Credit: UGRacing

Electric energy at UGRacing

By Craig Smith

Senior members of the UGRacing team spoke to The Glasgow Guardian about the team’s exciting plans for the future.

So much seems to have stalled over this past year: wedding dates have been postponed, travel plans have been delayed, but UGRacing has been making exciting progress. The University of Glasgow team which competes in Formula Student (a prominent UK student engineering competition that involves producing a small-style formula-style racing car) has come to the end of creating combustion engine cars. Come the 2022 Formula Student UK Competition, the showpiece event of any year for the UGRacing team, the team will be discarding the combustion engine for an electric car. 

Callum Wilson, who is a third-year studying Aerospace Systems, leads the engineering department and told The Glasgow Guardian: “The electric car has a different design, a different chassis design and a fully electric powertrain. It’s the future of motorsport really but it also the focus of the team and that’s the thing we wanted to continue developing this year.” Whilst Wilson was willing to acknowledge, as many would suspect, that a lot of motorsport diehards were not particularly drawn to electric cars, with their inferior noise and unsatisfying smell, the engineers of UGRacing have thrust themselves into this new and challenging task with unbridled enthusiasm. Team principal Fraser Cowie, the fourth-year Aeroneutical Engineering student who heads up the entire team, revealed: “The exciting thing this year is the team came back together in August time and had a completely blank page to design this new electric vehicle which had never been done in the history of the team before…it’s been great to see the engineers rise to that challenge and get excited by it.”
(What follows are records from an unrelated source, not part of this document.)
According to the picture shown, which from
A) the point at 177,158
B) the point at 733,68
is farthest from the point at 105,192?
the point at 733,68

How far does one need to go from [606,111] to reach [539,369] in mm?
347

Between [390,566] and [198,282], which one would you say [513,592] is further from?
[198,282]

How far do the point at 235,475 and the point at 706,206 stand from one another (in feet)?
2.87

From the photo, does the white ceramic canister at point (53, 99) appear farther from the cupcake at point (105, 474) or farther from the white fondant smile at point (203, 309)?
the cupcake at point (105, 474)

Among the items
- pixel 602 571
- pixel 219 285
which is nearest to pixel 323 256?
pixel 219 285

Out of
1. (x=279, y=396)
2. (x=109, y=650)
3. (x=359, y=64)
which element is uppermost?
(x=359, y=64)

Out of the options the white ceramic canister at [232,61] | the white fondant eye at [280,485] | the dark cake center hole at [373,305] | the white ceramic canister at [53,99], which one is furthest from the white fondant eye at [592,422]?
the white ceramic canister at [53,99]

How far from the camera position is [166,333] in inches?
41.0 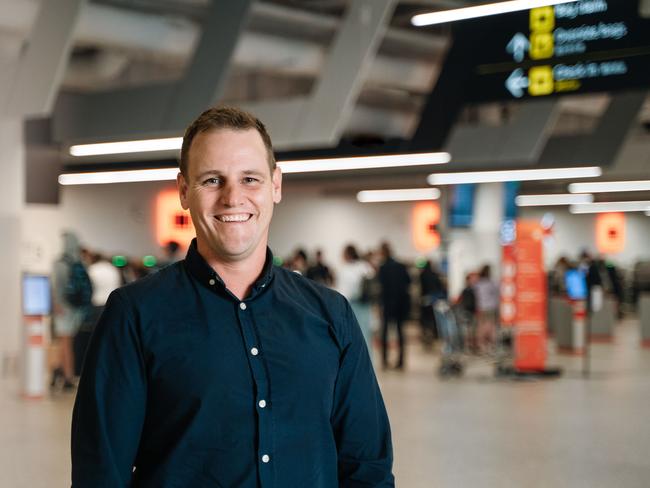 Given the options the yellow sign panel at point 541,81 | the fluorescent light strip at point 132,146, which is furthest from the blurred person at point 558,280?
the yellow sign panel at point 541,81

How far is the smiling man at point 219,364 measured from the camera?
6.17 ft

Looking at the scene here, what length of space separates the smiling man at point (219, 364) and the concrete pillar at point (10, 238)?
1138 cm

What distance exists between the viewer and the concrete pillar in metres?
12.8

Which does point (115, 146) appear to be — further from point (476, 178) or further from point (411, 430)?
point (476, 178)

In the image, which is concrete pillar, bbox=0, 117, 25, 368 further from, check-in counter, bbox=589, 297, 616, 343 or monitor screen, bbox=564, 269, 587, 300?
check-in counter, bbox=589, 297, 616, 343

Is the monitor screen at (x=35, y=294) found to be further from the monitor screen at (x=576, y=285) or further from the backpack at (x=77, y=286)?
the monitor screen at (x=576, y=285)

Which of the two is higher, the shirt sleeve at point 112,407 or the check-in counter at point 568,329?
the shirt sleeve at point 112,407

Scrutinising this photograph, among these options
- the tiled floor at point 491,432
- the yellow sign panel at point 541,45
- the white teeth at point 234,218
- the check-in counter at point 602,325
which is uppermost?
the yellow sign panel at point 541,45

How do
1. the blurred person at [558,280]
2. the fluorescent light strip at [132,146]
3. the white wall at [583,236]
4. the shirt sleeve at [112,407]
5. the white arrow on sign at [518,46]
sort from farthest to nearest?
the white wall at [583,236] → the blurred person at [558,280] → the fluorescent light strip at [132,146] → the white arrow on sign at [518,46] → the shirt sleeve at [112,407]

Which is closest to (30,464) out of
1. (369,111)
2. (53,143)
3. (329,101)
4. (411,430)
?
(411,430)

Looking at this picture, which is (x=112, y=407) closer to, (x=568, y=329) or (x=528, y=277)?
(x=528, y=277)

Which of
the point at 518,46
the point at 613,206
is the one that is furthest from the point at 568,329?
the point at 613,206

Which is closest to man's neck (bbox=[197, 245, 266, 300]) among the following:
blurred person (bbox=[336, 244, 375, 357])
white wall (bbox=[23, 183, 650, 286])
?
white wall (bbox=[23, 183, 650, 286])

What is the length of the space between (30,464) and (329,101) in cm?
593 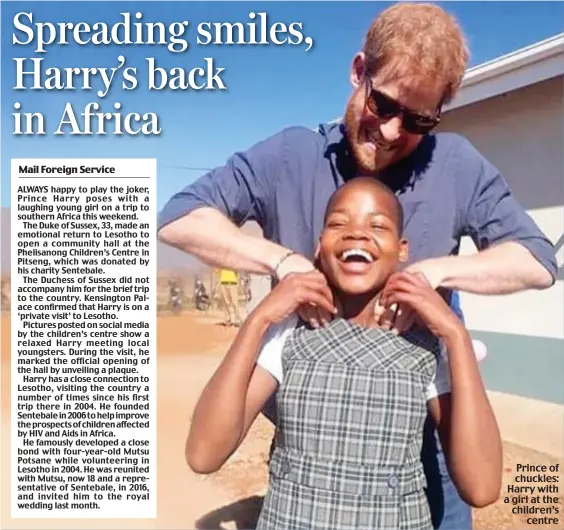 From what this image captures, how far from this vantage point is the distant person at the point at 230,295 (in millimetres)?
2662

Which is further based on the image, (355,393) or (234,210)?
(234,210)

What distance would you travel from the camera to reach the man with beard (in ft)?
8.11

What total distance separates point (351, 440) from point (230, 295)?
28.0 inches

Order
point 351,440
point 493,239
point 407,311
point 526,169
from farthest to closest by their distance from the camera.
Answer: point 526,169
point 493,239
point 407,311
point 351,440

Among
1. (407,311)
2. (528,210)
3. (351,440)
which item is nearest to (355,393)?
(351,440)

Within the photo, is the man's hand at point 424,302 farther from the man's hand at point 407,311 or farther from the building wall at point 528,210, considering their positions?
the building wall at point 528,210

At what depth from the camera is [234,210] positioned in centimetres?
258

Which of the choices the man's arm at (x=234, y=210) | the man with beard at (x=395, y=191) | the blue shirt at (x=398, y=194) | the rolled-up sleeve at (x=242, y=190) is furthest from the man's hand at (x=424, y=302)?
Answer: the rolled-up sleeve at (x=242, y=190)

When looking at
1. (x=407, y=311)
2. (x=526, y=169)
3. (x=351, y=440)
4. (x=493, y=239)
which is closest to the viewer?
(x=351, y=440)

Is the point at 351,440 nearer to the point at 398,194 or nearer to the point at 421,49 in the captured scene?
the point at 398,194

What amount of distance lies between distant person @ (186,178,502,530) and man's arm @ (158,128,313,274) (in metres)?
0.22

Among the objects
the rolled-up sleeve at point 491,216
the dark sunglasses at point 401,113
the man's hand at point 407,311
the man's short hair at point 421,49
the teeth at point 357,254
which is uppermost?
the man's short hair at point 421,49

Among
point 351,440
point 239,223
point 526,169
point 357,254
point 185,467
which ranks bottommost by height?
point 185,467

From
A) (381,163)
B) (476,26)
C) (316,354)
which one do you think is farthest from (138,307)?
(476,26)
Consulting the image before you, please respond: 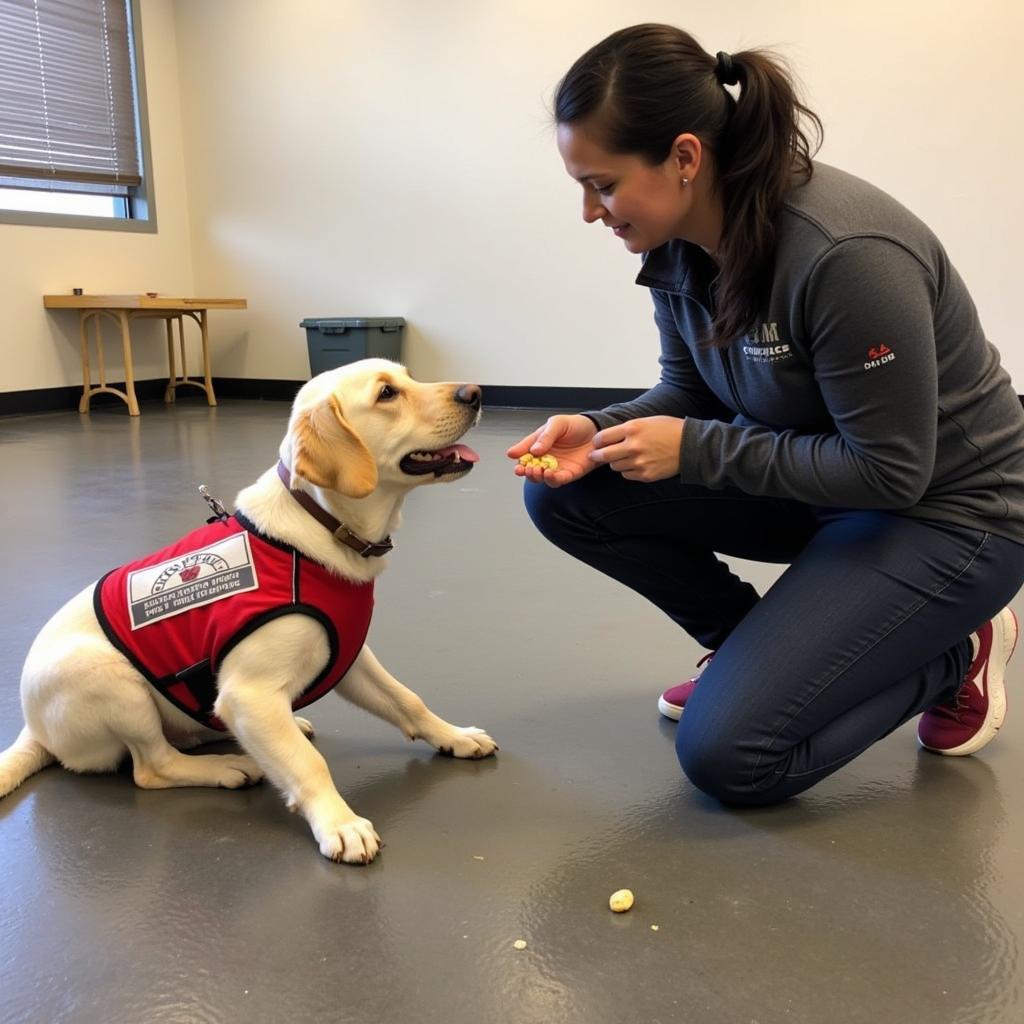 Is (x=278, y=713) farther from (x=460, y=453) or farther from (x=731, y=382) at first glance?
(x=731, y=382)

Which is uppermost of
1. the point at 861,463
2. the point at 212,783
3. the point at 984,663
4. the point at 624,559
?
the point at 861,463

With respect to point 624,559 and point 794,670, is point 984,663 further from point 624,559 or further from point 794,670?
point 624,559

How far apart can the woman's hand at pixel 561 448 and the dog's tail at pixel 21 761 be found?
3.06ft

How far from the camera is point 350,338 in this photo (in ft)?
22.1

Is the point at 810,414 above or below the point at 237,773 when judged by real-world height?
above

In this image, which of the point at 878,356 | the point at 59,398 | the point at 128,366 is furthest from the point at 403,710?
the point at 59,398

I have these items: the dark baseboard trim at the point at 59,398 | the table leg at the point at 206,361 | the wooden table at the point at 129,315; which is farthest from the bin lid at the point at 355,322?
the dark baseboard trim at the point at 59,398

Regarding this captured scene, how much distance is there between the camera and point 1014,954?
1079 millimetres

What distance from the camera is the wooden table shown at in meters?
6.33

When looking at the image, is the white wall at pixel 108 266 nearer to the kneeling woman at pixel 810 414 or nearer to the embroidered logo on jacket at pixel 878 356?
the kneeling woman at pixel 810 414

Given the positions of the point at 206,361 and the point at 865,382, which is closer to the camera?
the point at 865,382

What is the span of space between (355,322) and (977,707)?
5.68 metres

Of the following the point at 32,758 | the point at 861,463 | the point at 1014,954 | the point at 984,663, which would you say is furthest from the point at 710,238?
the point at 32,758

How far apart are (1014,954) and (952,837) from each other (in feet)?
0.84
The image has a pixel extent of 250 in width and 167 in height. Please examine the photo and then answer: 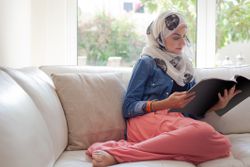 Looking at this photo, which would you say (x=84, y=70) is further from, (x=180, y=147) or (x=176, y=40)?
(x=180, y=147)

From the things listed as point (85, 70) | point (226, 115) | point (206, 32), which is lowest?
point (226, 115)

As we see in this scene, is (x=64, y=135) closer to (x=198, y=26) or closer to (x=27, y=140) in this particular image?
(x=27, y=140)

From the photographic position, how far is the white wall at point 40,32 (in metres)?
2.16

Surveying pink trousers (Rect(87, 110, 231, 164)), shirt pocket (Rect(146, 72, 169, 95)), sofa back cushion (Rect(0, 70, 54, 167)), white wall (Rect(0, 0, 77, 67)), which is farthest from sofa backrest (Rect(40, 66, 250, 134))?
sofa back cushion (Rect(0, 70, 54, 167))

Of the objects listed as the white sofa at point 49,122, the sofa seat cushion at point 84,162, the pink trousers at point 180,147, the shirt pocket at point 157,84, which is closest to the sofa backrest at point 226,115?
the white sofa at point 49,122

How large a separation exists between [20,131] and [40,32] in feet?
5.17

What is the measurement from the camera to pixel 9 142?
1.06 metres

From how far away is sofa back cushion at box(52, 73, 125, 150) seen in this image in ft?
5.82

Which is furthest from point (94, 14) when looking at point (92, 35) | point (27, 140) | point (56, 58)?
point (27, 140)

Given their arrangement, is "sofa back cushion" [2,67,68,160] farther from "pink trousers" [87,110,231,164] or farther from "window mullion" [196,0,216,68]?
"window mullion" [196,0,216,68]

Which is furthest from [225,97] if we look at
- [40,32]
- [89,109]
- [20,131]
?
[40,32]

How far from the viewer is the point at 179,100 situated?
167 cm

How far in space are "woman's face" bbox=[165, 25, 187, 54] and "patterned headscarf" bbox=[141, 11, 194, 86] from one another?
0.02 metres

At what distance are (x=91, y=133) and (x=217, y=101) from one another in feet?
2.15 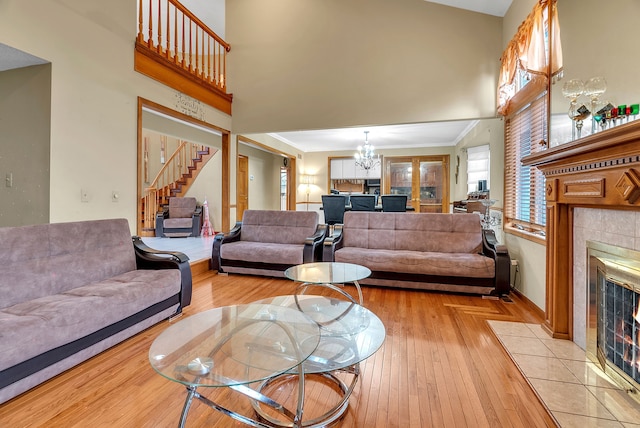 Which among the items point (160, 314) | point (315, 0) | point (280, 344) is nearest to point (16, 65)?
point (160, 314)

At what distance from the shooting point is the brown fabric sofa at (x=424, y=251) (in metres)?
3.13

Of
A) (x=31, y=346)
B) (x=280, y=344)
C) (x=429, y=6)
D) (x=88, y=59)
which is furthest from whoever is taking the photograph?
(x=429, y=6)

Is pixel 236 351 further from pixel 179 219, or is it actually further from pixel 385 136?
pixel 385 136

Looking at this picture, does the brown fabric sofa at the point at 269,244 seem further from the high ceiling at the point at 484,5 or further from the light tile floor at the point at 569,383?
the high ceiling at the point at 484,5

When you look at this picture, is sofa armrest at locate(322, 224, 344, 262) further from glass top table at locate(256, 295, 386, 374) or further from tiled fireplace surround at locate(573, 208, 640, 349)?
tiled fireplace surround at locate(573, 208, 640, 349)

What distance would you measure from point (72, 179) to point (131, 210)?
2.44 feet

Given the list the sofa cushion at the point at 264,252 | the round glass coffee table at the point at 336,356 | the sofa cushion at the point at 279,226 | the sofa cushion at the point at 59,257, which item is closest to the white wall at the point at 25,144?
the sofa cushion at the point at 59,257

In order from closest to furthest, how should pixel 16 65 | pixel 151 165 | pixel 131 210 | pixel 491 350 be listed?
pixel 491 350
pixel 16 65
pixel 131 210
pixel 151 165

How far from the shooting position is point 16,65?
107 inches

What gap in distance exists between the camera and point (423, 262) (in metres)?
3.26

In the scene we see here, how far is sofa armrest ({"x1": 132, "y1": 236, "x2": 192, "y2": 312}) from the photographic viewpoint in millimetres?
2611

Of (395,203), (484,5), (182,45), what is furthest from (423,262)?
(182,45)

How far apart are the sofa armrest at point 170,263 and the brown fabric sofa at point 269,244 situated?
126 cm

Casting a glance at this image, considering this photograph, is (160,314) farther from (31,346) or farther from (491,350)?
(491,350) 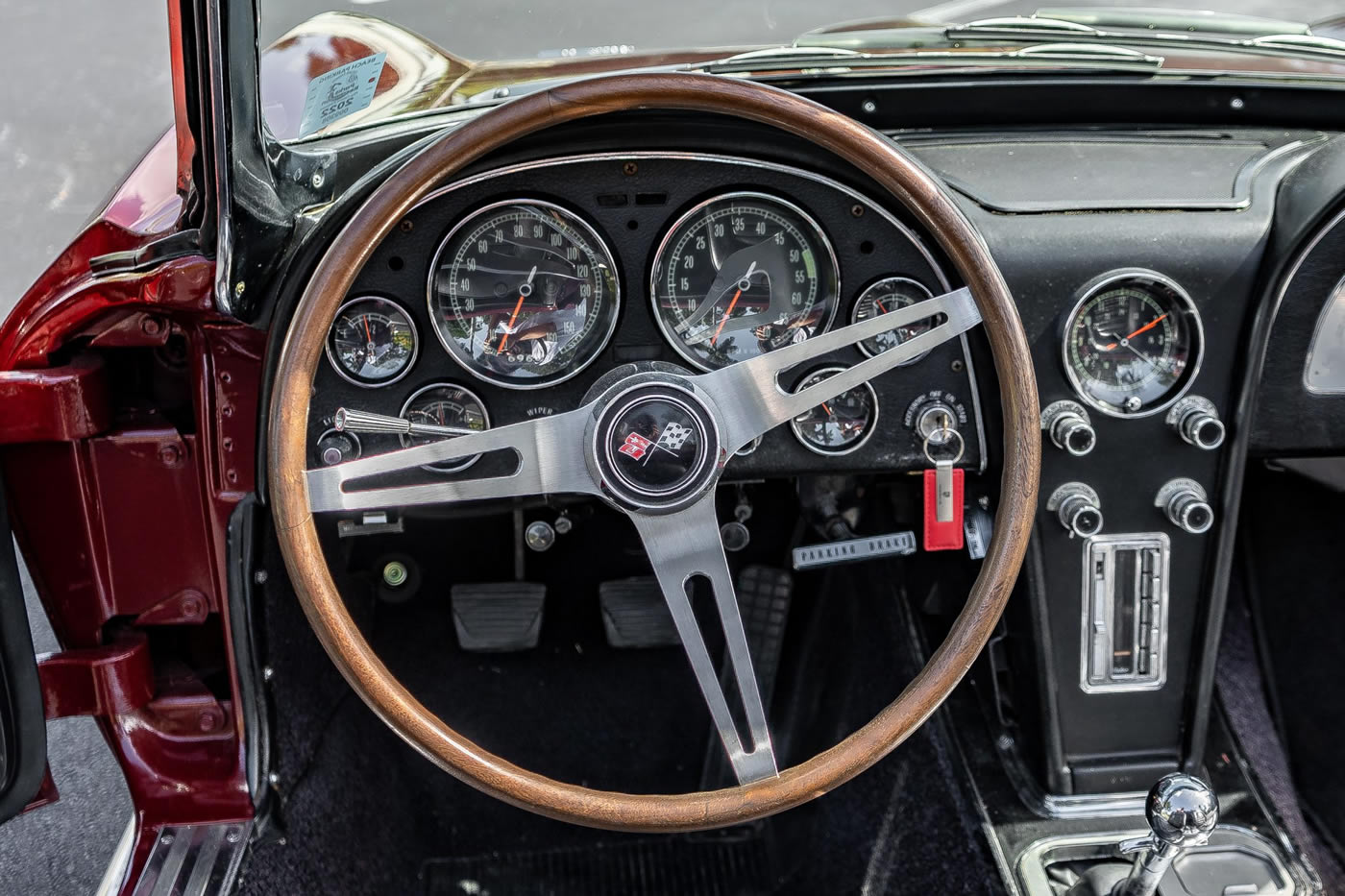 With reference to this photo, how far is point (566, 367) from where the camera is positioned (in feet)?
5.41

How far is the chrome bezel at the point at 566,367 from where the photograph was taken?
1.59 metres

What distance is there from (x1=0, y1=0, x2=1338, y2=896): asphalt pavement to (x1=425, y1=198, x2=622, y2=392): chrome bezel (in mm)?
400

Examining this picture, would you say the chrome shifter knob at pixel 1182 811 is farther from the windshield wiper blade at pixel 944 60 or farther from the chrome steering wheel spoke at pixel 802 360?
the windshield wiper blade at pixel 944 60

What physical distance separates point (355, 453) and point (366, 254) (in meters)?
0.36

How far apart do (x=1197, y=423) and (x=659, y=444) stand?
98cm

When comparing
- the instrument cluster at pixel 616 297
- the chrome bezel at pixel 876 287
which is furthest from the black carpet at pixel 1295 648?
the chrome bezel at pixel 876 287

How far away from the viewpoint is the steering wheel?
4.40 ft

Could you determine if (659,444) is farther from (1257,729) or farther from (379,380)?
(1257,729)

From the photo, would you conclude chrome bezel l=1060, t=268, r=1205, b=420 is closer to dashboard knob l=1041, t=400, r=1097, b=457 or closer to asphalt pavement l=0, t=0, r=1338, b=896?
dashboard knob l=1041, t=400, r=1097, b=457

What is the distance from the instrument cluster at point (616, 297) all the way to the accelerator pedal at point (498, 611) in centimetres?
87

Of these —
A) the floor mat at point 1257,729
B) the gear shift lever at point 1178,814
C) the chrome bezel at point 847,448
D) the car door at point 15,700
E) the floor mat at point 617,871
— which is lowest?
the floor mat at point 617,871

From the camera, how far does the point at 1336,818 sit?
→ 7.19 feet

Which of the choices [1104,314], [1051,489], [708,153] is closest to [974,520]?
[1051,489]

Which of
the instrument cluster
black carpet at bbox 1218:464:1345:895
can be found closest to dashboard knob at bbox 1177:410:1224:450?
the instrument cluster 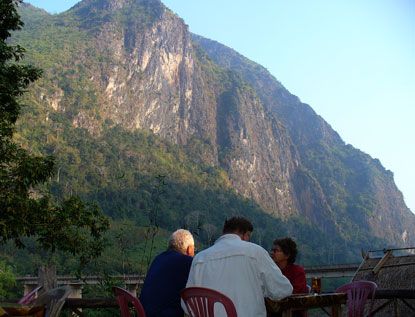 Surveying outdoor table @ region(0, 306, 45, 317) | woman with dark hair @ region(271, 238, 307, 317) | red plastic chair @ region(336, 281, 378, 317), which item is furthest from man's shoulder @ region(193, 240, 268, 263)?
red plastic chair @ region(336, 281, 378, 317)

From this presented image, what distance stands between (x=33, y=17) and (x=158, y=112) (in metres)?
77.5

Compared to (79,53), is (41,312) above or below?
below

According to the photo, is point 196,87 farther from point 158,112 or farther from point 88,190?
point 88,190

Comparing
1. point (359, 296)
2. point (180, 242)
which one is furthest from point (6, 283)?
point (359, 296)

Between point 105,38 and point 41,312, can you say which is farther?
point 105,38

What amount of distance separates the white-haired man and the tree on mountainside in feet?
13.5

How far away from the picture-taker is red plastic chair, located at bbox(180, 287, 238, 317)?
2.58 m

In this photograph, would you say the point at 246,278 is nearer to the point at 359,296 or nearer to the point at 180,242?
the point at 180,242

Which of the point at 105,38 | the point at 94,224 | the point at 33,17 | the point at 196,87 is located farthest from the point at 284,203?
the point at 94,224

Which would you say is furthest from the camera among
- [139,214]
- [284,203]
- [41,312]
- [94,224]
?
[284,203]

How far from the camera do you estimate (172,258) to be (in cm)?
350

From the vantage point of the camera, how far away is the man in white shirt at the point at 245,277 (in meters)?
2.93

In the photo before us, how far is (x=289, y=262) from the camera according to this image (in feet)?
14.0

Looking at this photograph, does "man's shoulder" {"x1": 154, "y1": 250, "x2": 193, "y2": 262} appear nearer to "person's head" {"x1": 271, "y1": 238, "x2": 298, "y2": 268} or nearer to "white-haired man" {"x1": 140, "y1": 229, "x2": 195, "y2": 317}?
"white-haired man" {"x1": 140, "y1": 229, "x2": 195, "y2": 317} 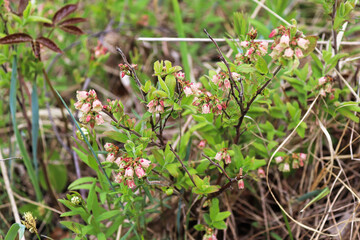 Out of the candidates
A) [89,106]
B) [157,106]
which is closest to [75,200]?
[89,106]

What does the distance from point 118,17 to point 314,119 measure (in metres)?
2.06

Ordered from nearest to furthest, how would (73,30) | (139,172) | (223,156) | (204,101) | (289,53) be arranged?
(289,53)
(139,172)
(204,101)
(223,156)
(73,30)

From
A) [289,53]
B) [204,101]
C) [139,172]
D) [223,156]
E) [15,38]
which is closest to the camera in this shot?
[289,53]

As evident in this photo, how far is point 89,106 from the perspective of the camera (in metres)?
1.42

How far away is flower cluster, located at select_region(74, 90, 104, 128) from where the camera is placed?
1415 mm

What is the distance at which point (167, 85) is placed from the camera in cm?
147

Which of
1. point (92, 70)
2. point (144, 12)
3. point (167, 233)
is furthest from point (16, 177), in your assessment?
point (144, 12)

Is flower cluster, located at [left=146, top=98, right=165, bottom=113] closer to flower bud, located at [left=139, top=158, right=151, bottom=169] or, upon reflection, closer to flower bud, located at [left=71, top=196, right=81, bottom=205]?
flower bud, located at [left=139, top=158, right=151, bottom=169]

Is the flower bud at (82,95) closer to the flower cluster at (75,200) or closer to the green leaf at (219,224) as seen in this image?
the flower cluster at (75,200)

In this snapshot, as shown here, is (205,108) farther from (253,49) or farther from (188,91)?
(253,49)

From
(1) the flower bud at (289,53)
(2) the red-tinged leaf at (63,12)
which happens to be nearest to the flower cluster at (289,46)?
(1) the flower bud at (289,53)

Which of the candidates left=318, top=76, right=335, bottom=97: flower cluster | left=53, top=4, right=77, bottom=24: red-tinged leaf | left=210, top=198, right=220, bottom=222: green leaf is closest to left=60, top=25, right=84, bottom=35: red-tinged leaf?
left=53, top=4, right=77, bottom=24: red-tinged leaf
Part of the team’s energy for this challenge has come from learning about new areas, which aren’t always covered in University teaching. Wilson said: “We also found when starting to develop the cars there is a lot of holes in the way the University [of Glasgow], and a lot of universities, teach high voltage: a lot of them teach lower voltage stuff because it’s safer but for Formula Student, you are working with quite high voltage battery packs and electric motors and this is something which is not taught a lot in the University and we think the way everything [the automotive industry] is going it is better to bring that knowledge on.” Perhaps it shouldn’t be a surprise that the team are so excited about moving to electric considering the man heading up the electric vehicle development, fifth-year Mechanical Design Engineer student Finlay MacNeill, did his final year project on the electric concept car which the team intend to make. 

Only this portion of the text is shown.